- _What you are asked to do_
Only the lines below between the ones containing "Más detalles de Terreno en venta" and "Throw the Trash", inclusive, are to be reproduced, each exactly as it stands.
++++ Material to process
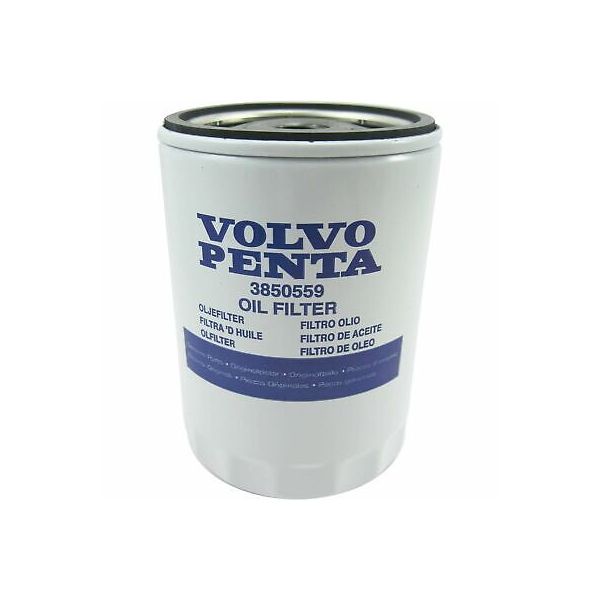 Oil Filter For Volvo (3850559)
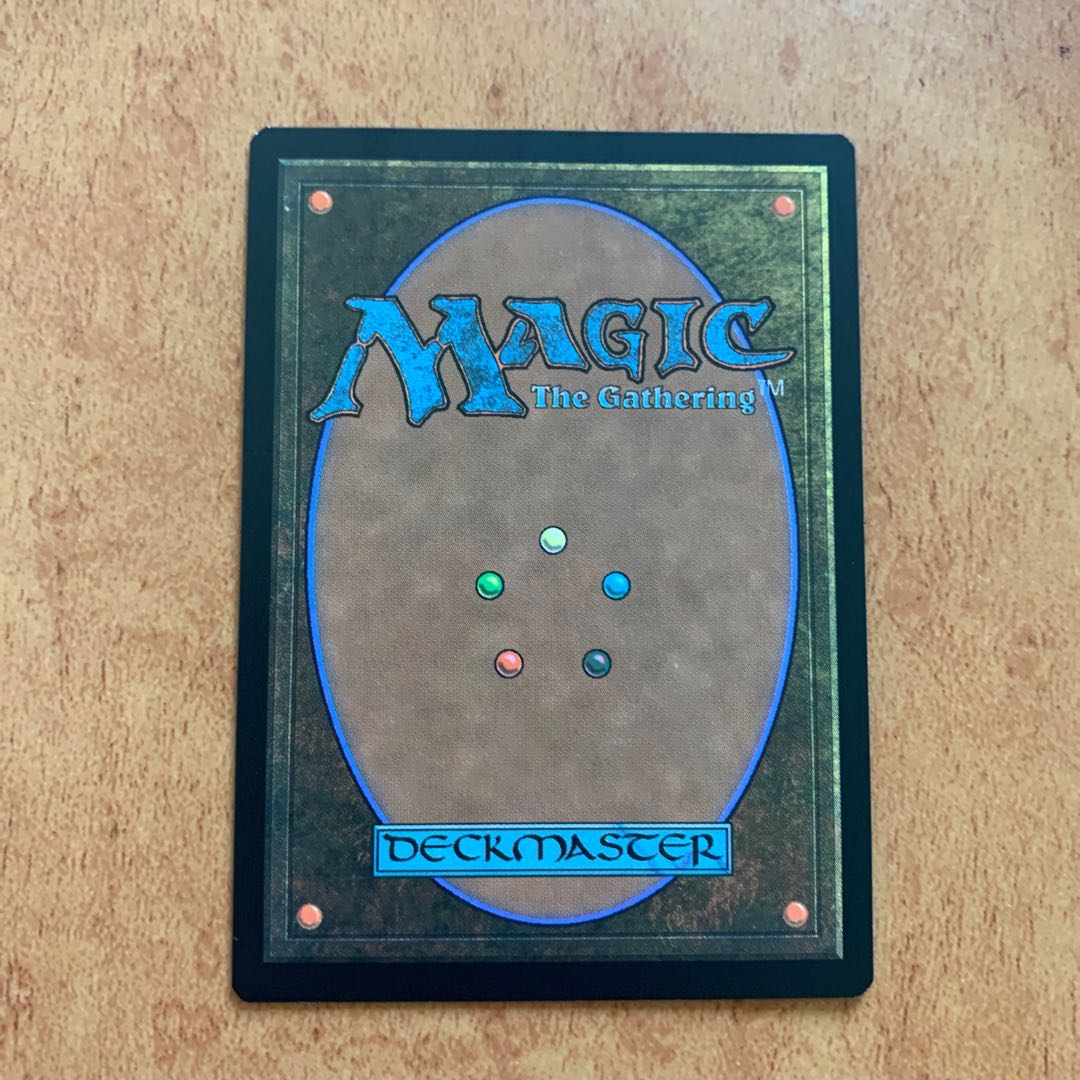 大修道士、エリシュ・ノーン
++++++++
++++ Material to process
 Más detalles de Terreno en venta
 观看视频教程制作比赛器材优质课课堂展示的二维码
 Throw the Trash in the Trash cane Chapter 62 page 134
++++++++
- _Solution for this problem_
 Más detalles de Terreno en venta
 观看视频教程制作比赛器材优质课课堂展示的二维码
 Throw the Trash in the Trash cane Chapter 62 page 134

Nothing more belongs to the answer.